24 June 2009

Update of Legal Analysis on D&P Situation

I was asked in the comments section of this post to update the legal analysis I'd done on March 20 of the D&P situation in light of the new evidence that has come to light recently. (Read the original post here.)

Essentially, in the original post I used my legal training to outline the facts of the case and analyze it. The conclusion I came to in that post was "Lifesite has met the burden of proof to show D&P partners with groups who support abortion." I said at the end of the post that I would be willing to revisit that conclusion if other evidence came to light, and that is what I intend to do in this post.

I am assuming that the evidence the commenter wanted me to deal with is Archbishop Weisberger's announcement that the CCCB finds no wrong doing by D&P. (If there is other evidence I'm supposed to be considering, please point me in the right direction and I will analyze it as well.)

Analysis

As I stated on March 20, in a civil case (which is what this would be) the burden on proof is on the persona making the allegations to prove on the balance of probabilities that their allegations are true. The civil standard of balance of probabilities means 51%; it does not mean beyond a reasonable doubt. The defendant side (D&P because the allegations were made against them) has to show an equally plausible alternative argument to win the case.

My point on March 20 was that D&P had not done that- they had not refuted the allegations, just denied them, so Lifesite won the civil case.

The report of the investigation carried out by the CCCB has not become public yet, and as far as I can determine, the CCCB does not plan to release it to the public. Without reading that report, and analyzing its evidentiary value, D&P has not refuted the allegations. Bishop Weisberger has simply made a statement that the investigation finds no wrongdoing by D&P. He is entitled to make that statement, but no court in the common law system would accept that pronouncement as evidence. In fact, an unsubstantiated statement would never be admitted to be heard in a court case at all. The court would need to see the report, and would not likely even allow the Archbishop to testify; they would tell him to submit the report. Without the report, his statement is simply a hollow denial.
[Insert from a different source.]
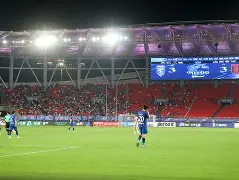 哈利伯顿绝杀步行者替补席炸了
The purpose of my March 20 post was to analyze the situation from a legal perspective- the law does not take into account the Church hierarchy and authority- it simply looks at the facts and evidence and analyzes them. Without the key piece of evidence (the report) the situation has not changed since my post of March 20, so neither can my conclusion.

In fact, more allegations have been made since that post- a total of 19 D&P partners are alleged to support abortion. The Peruvian Bishops Commission on the Family has released a public letter (here) asking the CCCB to withdraw support to 3 groups in Peru because of their support of abortion. This story has been picked up by Vatican Radio (here). These developments, along with others I've posted about in the last months, give more credence to Lifesite than they do to D&P.

Conclusion

Remember that this is an exercise in analyzing this situation under Canadian law as if it were an actual civil case, I am compelled to stand by my conclusion of March 20. D&P has not produced any evidence that refutes the allegations.

Lifesite's allegations were all cited- you could examine the evidence for yourself. D&P and the CCCB have not produced any evidence against which to test their assertions. That's why Lifesite wins this if it's treated as a civil case.

I am more than willing to revisit this again if more evidence comes to light, but it needs to be evidence- like the CCCB's report. Until I find that evidence, this is the conclusion I have to draw. If you think there is evidence that I've forgotten about, please let me know- either in the comments section or by e-mail to catholiclawstudent@gmail.com.

1 comment:

Steven said...

Hi Sarah,

Now that the CCCB report has been released, would this change your analysis? I saw your post/analysis form July 1, but it doesn't seem to approach the subject from the perspective of your legal training (as you did in March).

In this post, you say that Archbishop Weisgerber's public declarations were "an unsubstantiated statement that would never be admitted to be heard in a court case at all." How would you characterize the CCCB report, given that it doesn't really address the evidence presented against D&P?